The one project was a Walmart in NJ, there tons of fun to do lol And the other project was a water treatment plant where they took the ground water in the wells at the dump and cleaned to where you could eventually drink it but i don't recommend that.


----------



## Nastyniz (Jun 16, 2011)

And another of the projects was a Ulta beuty supply.


----------



## erics37 (May 7, 2009)

Nastyniz said:


> The one project was a Walmart in NJ, there tons of fun to do lol And the other project was a water treatment plant where they took the ground water in the wells at the dump and cleaned to where you could eventually drink it but i don't recommend that.

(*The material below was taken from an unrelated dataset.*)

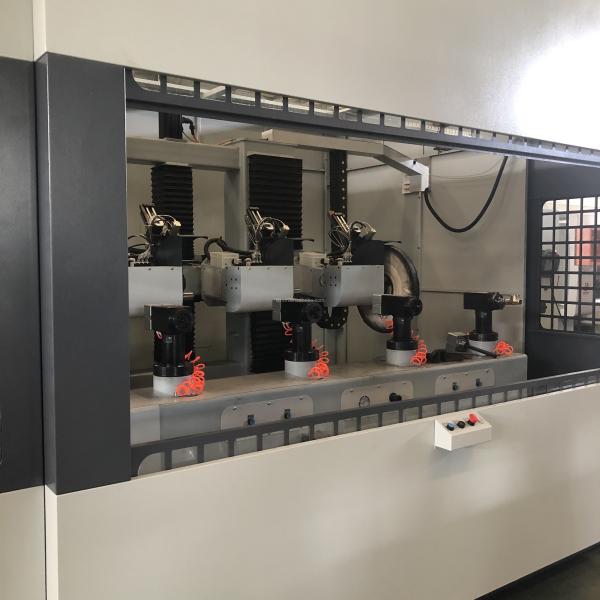 Buy Fully Automatic CNC Polishing Machine for Metal Surface High Precision Multi Axis Control Consistent Finish at wholesale prices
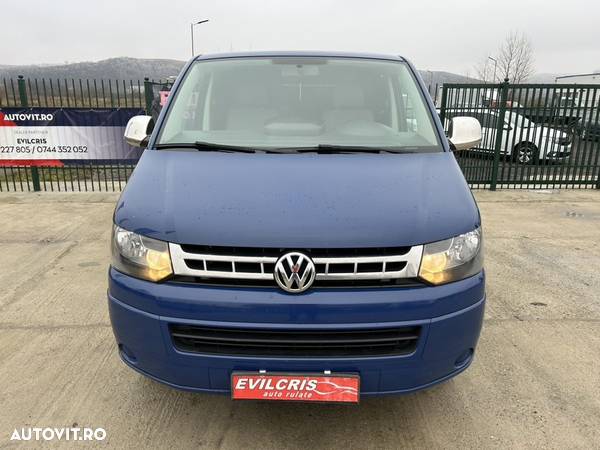 Volkswagen Transporter - 9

Our local Walmart did a big remodel recently. I've gone there for a few service calls since then and it looks like all of their electrical distribution equipment was pre-built on a skid somewhere. They just trucked the whole thing in; panels, transformers, gutters - one big listed assembly - and plopped it into place and started running branch circuits out of it. It's a money saver I'm sure, but the skid stayed behind as a permanently installed trip hazard :laughing:


----------



## stuiec (Sep 25, 2010)

Nastyniz said:


> The one project was a Walmart in NJ, there tons of fun to do lol And the other project was a water treatment plant where they took the ground water in the wells at the dump and cleaned to where you could eventually drink it but i don't recommend that.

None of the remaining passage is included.